Assignment:
Find "Save yourself time" below and begin at its line; stop after the line with "This is Eric". Output those lines exactly, without pictures.

(Data to use)

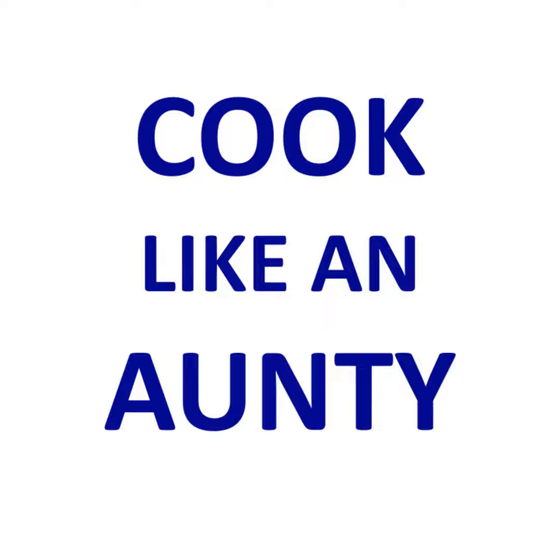It even came with a little postcard with recipe instructions for how to make your coffee. Ever since then, when I was thinking about doing Cook Like an Auntie as a YouTube channel and a podcast, I really wanted to interview Denae. So I'm so glad you're here today.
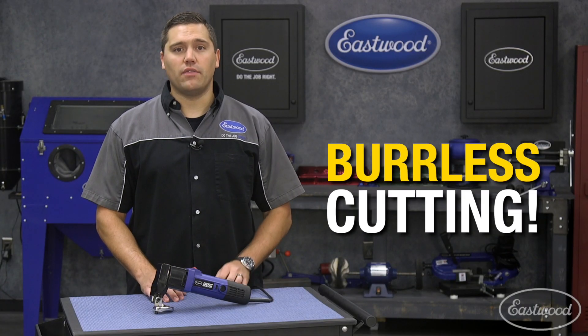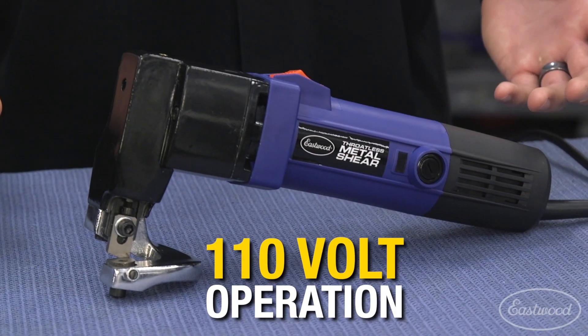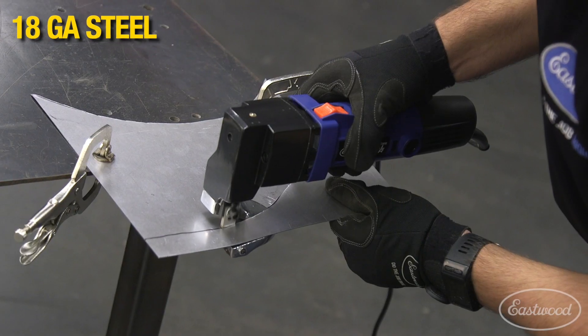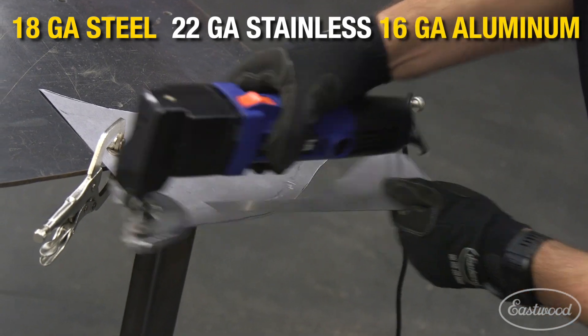Save yourself time as this does not leave a burr behind requiring attention post-cut. Plug this into any standard 110 outlet and you're ready to start your next cutting project. Replaceable tungsten carbide blades allow this tool to cut up to 18 gauge steel, 22 gauge stainless, and 16 gauge aluminum.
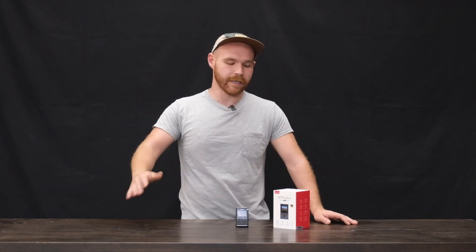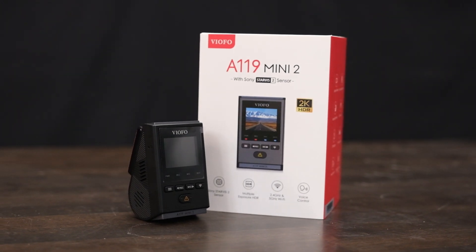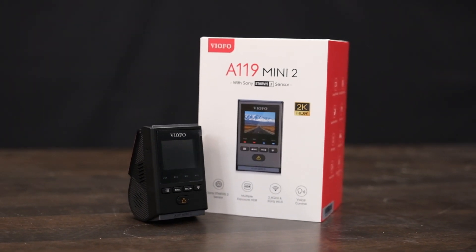The reality is you're driving all over the country and your time on the road is significantly more than it is compared to somebody who's living in a typical home. The likelihood of something happening on the road is statistically going to be higher — just overall it's a good safe thing to have. That's why I'm really excited that Veefo sent over this dash cam for us to review. I think it's an amazing addition to have in your tiny home on wheels.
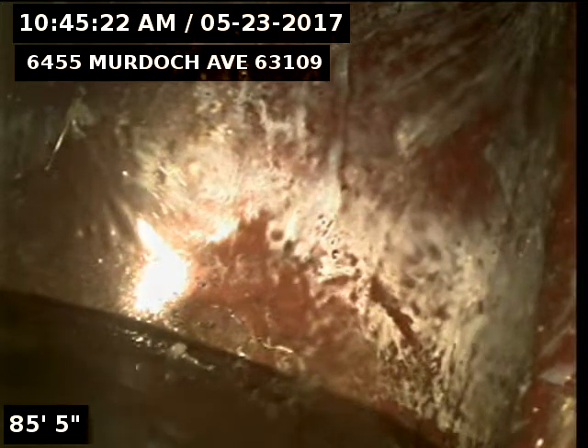This is Eric with New Flow St. Louis. I'm at 6455 Murdoch Avenue, 63109.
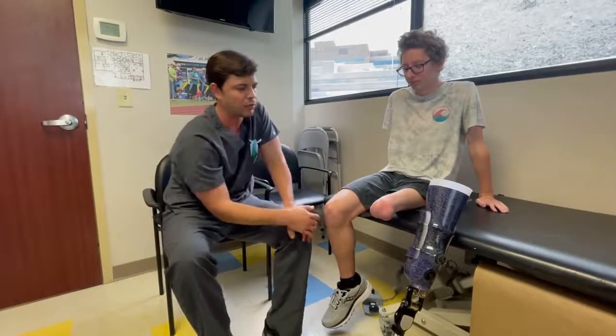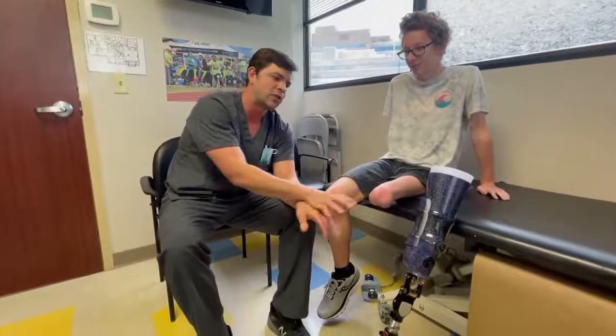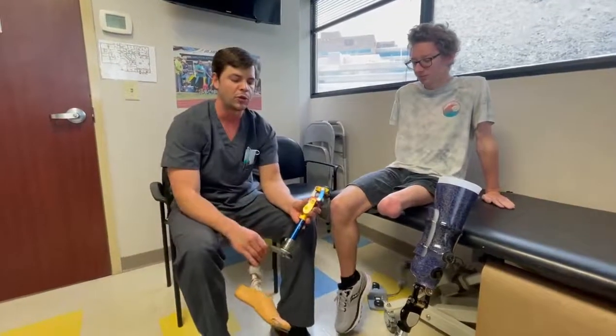He's been wearing his leg all morning and just took it off for this video, so you might notice some redness from the suction valve — that's pretty common. Redness lasting longer than 30 minutes might be a sign of concern, but that's not the case here. As you can see, his leg is very bony, so with an expandable-wall socket he can push past the condyles. He had a little difficulty with that at first two years ago, but he's since toughened up and is doing really well.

(End Data to use)

Answer below:
Save yourself time as this does not leave a burr behind requiring attention post-cut. Plug this into any standard 110 outlet and you're ready to start your next cutting project. Replaceable tungsten carbide blades allow this tool to cut up to 18 gauge steel, 22 gauge stainless, and 16 gauge aluminum.
The reality is you're driving all over the country and your time on the road is significantly more than it is compared to somebody who's living in a typical home. The likelihood of something happening on the road is statistically going to be higher — just overall it's a good safe thing to have. That's why I'm really excited that Veefo sent over this dash cam for us to review. I think it's an amazing addition to have in your tiny home on wheels.
This is Eric with New Flow St. Louis. I'm at 6455 Murdoch Avenue, 63109.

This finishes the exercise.